Look below for the line containing "Yuna - Castaway ft. Tyler, The Creator" and the line containing "Fuente De Poder 450w Gamekm Calidad"; repeat exactly those two lines and all lines between them, and nothing else.
Start of Extracted entries
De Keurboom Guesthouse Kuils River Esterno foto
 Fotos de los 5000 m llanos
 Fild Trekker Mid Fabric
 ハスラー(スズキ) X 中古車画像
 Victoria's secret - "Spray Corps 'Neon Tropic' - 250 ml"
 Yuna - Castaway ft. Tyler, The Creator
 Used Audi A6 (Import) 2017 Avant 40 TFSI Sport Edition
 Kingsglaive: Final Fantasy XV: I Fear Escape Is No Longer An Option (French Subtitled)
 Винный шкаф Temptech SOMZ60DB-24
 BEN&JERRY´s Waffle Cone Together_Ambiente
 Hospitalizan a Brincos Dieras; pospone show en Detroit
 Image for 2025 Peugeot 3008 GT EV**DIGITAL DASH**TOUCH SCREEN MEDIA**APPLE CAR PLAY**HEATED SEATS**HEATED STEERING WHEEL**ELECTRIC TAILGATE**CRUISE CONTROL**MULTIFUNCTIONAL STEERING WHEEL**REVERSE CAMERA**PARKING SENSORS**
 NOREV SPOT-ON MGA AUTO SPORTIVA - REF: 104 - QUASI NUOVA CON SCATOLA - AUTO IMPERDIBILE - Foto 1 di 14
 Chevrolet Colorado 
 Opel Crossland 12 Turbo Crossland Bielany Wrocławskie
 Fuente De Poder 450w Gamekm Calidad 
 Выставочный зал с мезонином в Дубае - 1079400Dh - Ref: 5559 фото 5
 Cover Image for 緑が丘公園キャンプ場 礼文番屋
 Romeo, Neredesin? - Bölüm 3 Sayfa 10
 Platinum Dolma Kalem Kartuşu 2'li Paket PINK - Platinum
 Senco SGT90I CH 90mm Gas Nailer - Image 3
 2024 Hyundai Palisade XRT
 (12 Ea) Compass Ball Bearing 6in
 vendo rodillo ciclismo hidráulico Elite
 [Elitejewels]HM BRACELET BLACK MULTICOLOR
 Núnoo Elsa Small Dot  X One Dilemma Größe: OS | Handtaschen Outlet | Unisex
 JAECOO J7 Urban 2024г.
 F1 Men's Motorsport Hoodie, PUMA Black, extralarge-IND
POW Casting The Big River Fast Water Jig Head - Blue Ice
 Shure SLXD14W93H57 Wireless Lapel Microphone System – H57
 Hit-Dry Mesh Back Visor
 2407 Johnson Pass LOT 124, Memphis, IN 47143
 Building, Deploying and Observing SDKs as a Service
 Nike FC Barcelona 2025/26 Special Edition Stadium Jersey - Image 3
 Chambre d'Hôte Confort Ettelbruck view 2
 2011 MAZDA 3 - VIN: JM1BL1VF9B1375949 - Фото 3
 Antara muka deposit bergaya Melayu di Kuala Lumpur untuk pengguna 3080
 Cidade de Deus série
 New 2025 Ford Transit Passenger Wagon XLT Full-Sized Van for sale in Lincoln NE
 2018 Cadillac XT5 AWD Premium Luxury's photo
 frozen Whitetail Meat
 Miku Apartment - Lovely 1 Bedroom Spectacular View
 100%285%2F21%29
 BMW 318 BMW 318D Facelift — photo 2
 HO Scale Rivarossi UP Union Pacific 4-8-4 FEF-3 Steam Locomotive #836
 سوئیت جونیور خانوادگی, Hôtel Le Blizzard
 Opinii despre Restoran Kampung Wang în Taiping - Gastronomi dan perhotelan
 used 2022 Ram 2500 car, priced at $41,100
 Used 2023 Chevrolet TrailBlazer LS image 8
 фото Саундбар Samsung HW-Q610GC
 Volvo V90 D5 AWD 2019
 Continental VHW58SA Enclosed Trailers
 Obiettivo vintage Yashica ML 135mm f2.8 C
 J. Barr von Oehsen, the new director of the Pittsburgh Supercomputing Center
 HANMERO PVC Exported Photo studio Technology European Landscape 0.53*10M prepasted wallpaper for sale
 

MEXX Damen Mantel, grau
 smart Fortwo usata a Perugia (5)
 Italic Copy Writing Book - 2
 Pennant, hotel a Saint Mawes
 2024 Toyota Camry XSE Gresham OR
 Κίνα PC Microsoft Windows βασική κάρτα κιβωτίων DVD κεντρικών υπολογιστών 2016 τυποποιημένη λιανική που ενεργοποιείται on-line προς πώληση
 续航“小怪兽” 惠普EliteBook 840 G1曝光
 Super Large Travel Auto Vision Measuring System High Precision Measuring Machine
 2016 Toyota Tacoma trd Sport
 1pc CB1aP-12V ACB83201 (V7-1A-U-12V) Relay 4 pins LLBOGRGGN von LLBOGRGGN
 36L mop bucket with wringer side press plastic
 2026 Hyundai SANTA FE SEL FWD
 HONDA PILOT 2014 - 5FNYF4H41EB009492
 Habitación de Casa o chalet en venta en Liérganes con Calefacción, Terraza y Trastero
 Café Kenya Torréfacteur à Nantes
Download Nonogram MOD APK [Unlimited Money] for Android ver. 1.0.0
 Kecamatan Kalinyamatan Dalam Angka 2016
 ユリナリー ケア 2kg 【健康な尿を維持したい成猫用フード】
End of Extracted entries
• Answer space:
 Yuna - Castaway ft. Tyler, The Creator
 Used Audi A6 (Import) 2017 Avant 40 TFSI Sport Edition
 Kingsglaive: Final Fantasy XV: I Fear Escape Is No Longer An Option (French Subtitled)
 Винный шкаф Temptech SOMZ60DB-24
 BEN&JERRY´s Waffle Cone Together_Ambiente
 Hospitalizan a Brincos Dieras; pospone show en Detroit
 Image for 2025 Peugeot 3008 GT EV**DIGITAL DASH**TOUCH SCREEN MEDIA**APPLE CAR PLAY**HEATED SEATS**HEATED STEERING WHEEL**ELECTRIC TAILGATE**CRUISE CONTROL**MULTIFUNCTIONAL STEERING WHEEL**REVERSE CAMERA**PARKING SENSORS**
 NOREV SPOT-ON MGA AUTO SPORTIVA - REF: 104 - QUASI NUOVA CON SCATOLA - AUTO IMPERDIBILE - Foto 1 di 14
 Chevrolet Colorado 
 Opel Crossland 12 Turbo Crossland Bielany Wrocławskie
 Fuente De Poder 450w Gamekm Calidad 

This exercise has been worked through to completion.